We use several other modifications for our technique compared to techniques previously published in the medical literature. We make a 2-4 cm incision above the pubic symphysis and used a balloon to dilate the pre-peritoneal space. The most caudal trocar on the right of left side is inserted into the extraperitoneal space guided by an index finger introduced through the incision. Once the laparoscope is placed through the first trocar all other trocars are then inserted under direct vision. This initial midline incision is then used to extract the specimen at the end of surgery. In our experience, this method of insufflating the extraperitoneal space is easy to perform and very useful. While most authors make use of a hemostatic stitch on the dorsal venous complex to prevent backbleeding before enucleation of the adenoma, we did not find this necessary. In our experience the bleeding was not severe and easy to control after entering the plane between adenoma and capsule. A final technical modification is selection of a transverse incision at the base of the prostate made as broadly as possible. We find that this incision is adequate for dissection of the adenoma so that it becomes unnecessary to open the endopelvic fascia.
Using our technique, significant improvements in the maximum urinary flow, IPSS and QOL were achieved, comparable to results previously published. Furthermore, we found no significant difference in erectile function before and after surgery, and all patients who regained erections postoperatively reported normal antegrade ejaculation. These results are very encouraging and may represent improved morbidity for laparoscopic simple prostatectomy, though more experience is needed.
Only patients with large benign adenoma lacking a median lobe were included in this series, since a median lobe was believed to be a contraindication for a Madigan prostatectomy. This may be a limitation for laparoscopic simple prostatectomy with prostatic urethra preservation. The presence of a median lobe was evaluated by ultrasound or MRI preoperatively. In the one patient where a median lobe was unrecognized, the procedure was converted to open surgery since it was extremely difficult to remove the median lobe while preserving the urethra. Our recent practice has been to routinely perform cystoscopy before laparoscopic simple prostatectomy in order to ensure the absence of a significant median lobe. In patient with a large median lobe, we would offer alternative surgical treatment such as TURP or simple open prostatectomy.

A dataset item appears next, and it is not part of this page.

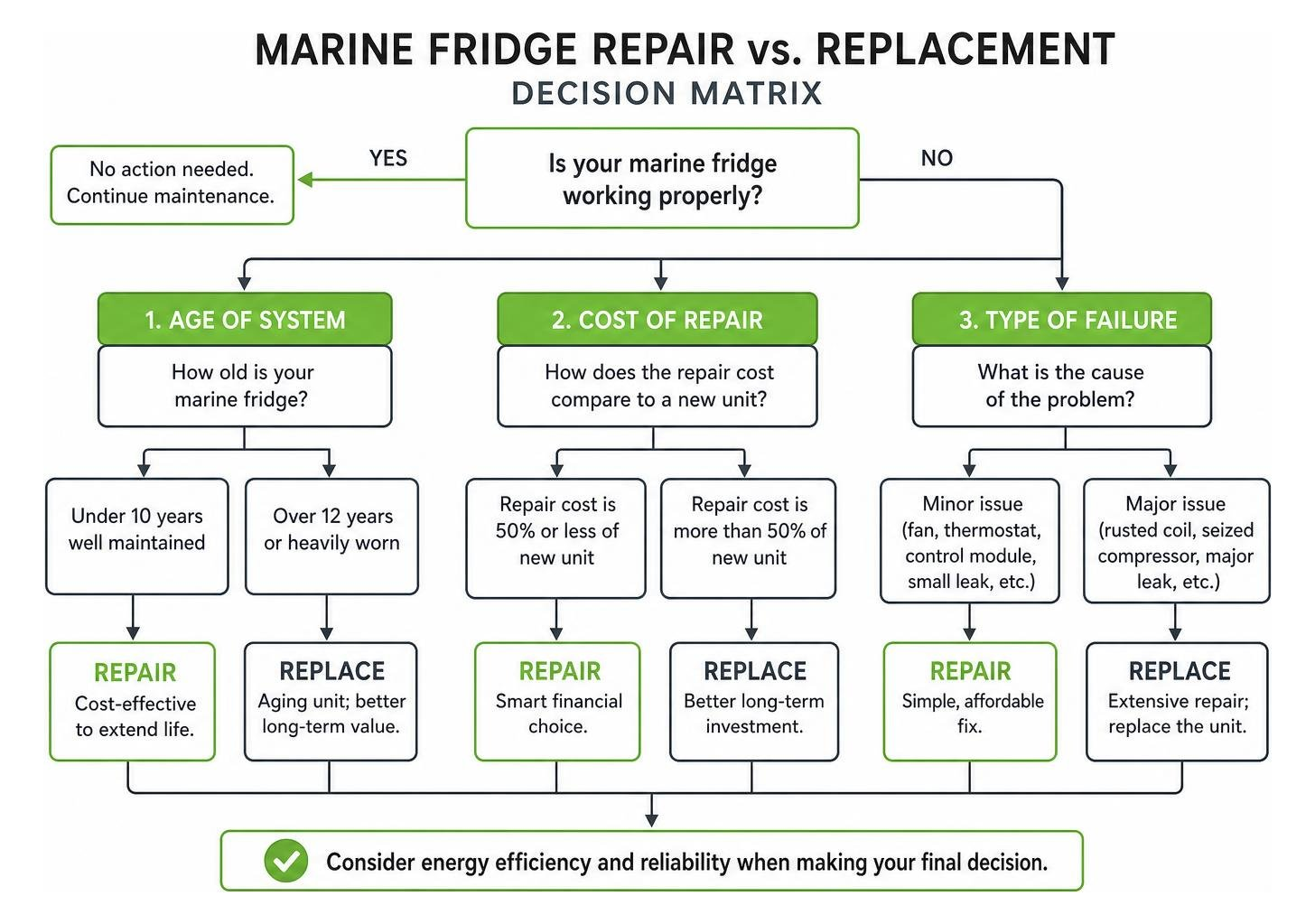 A diagram showing the decision matrix for marine fridge repair vs replacement A diagram showing the decision matrix for marine fridge repair vs replacement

In summary, laparoscopic simple prostatectomy with prostatic urethra preservation for BPH with large-sized prostatic glands is feasible and reproducible. Postoperative bladder irrigation can be avoided and antegrade ejaculation preserved.
We are very grateful to Professor Tom F. Lue and Dr. Thomas Chi, Department of Urology, University of California, San Francisco, for their editing the manuscript before submission.
Conflicts of Interest: The authors have no conflicts of interest to declare.